Sunday, October 25, 2009

British Conservatives and Joint Custody

Robert Franklin published in the online men’s journal Men’s News Daily (http://mensnewsdaily.com) an article titled “British Tories Favor Shared Parenting After Breakup” (http://mensnewsdaily.com/glennsacks/2009/10/13/british-tories-favor-shared-parenting-after-breakup/), on the support of British conservatives of public policies that favor joint custody.

Tim Loughton, UK Shadow Children's Minister, said at a meeting hosted by the charity consortium Kids in the Middle, that his party (the Conservative and Unionist Party, “Tories”) preferred a system that presumed shared parenting following divorce, even if the couples could not reach an agreement and needed mediation to do so. Loughton said:

"At the moment we have got an incredibly adversarial system when parents split up.
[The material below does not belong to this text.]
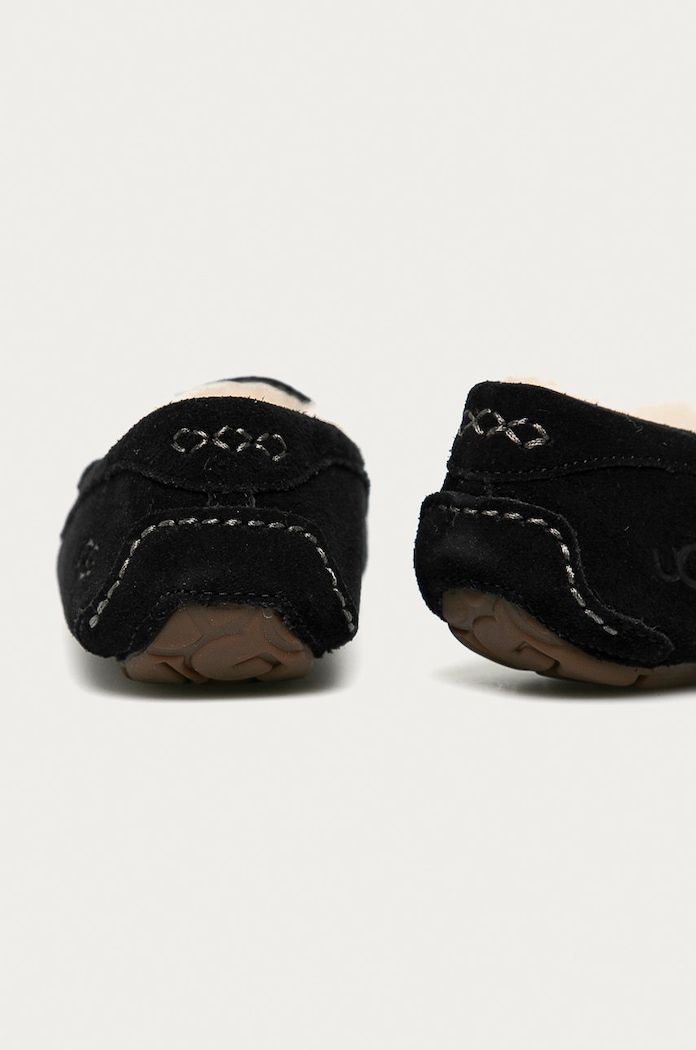 Обувки UGG - Кожени чехли Ansley 1106878.BLK черен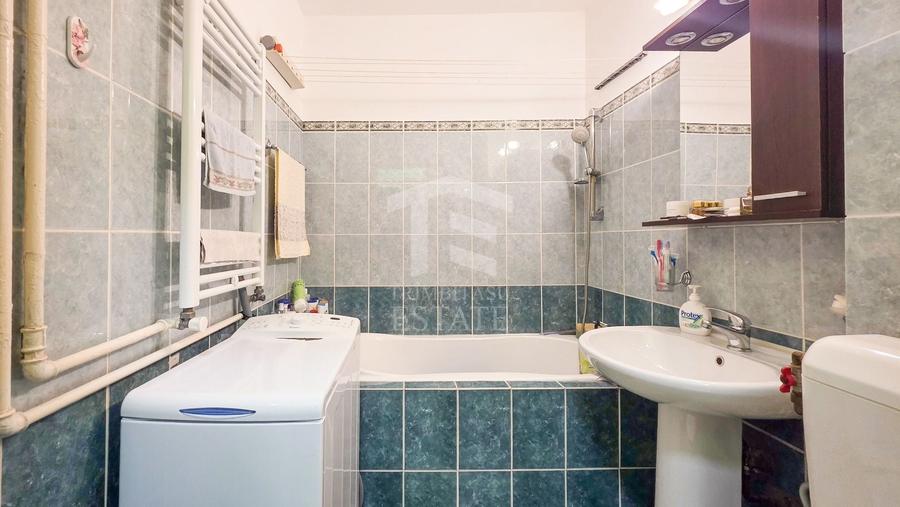 Apartament cu 2 camere semidecomandat, mobilat în Berceni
It is crazy we have so many acrimonious cases. (…) From the start of the process there should be a default mechanism for shared responsibility unless there is a welfare reason not to."

His comments come as a reaction to the growing concerns in British society over the adverse impact of conflict between parents on children. Several issues compound these concerns:

-The generalized rejection to the current adversarial nature of divorce processes.

- The growing acceptance of a presumption of equally shared parenting for custody awards.

- The understanding of the importance of mediation in divorce processes.

-The generalized idea that both parents should be involved in their children’s education.

Even though there is no concrete law project in favor of joint custody in the United Kingdom, the fact that the powerful Tory Party favors joint custody should be considered a milestone in the attainment of one. This should be read as a sign of the profound transformations that family relations and gender roles are undergoing in many countries around the world, transformations that in the end will bring healthier families, happier children, and stronger communities.

I would like to finish this post quoting the last paragraph of the article, on which, after mentioning all the possible barriers against the concretion of a pro-joint custody law in the United Kingdom, says:

But those are all things to be dealt with, to be fought over when the time comes. Final victory never comes; movement toward greater father-child bonds is always a work in progress. It is now and always will be a process of becoming.”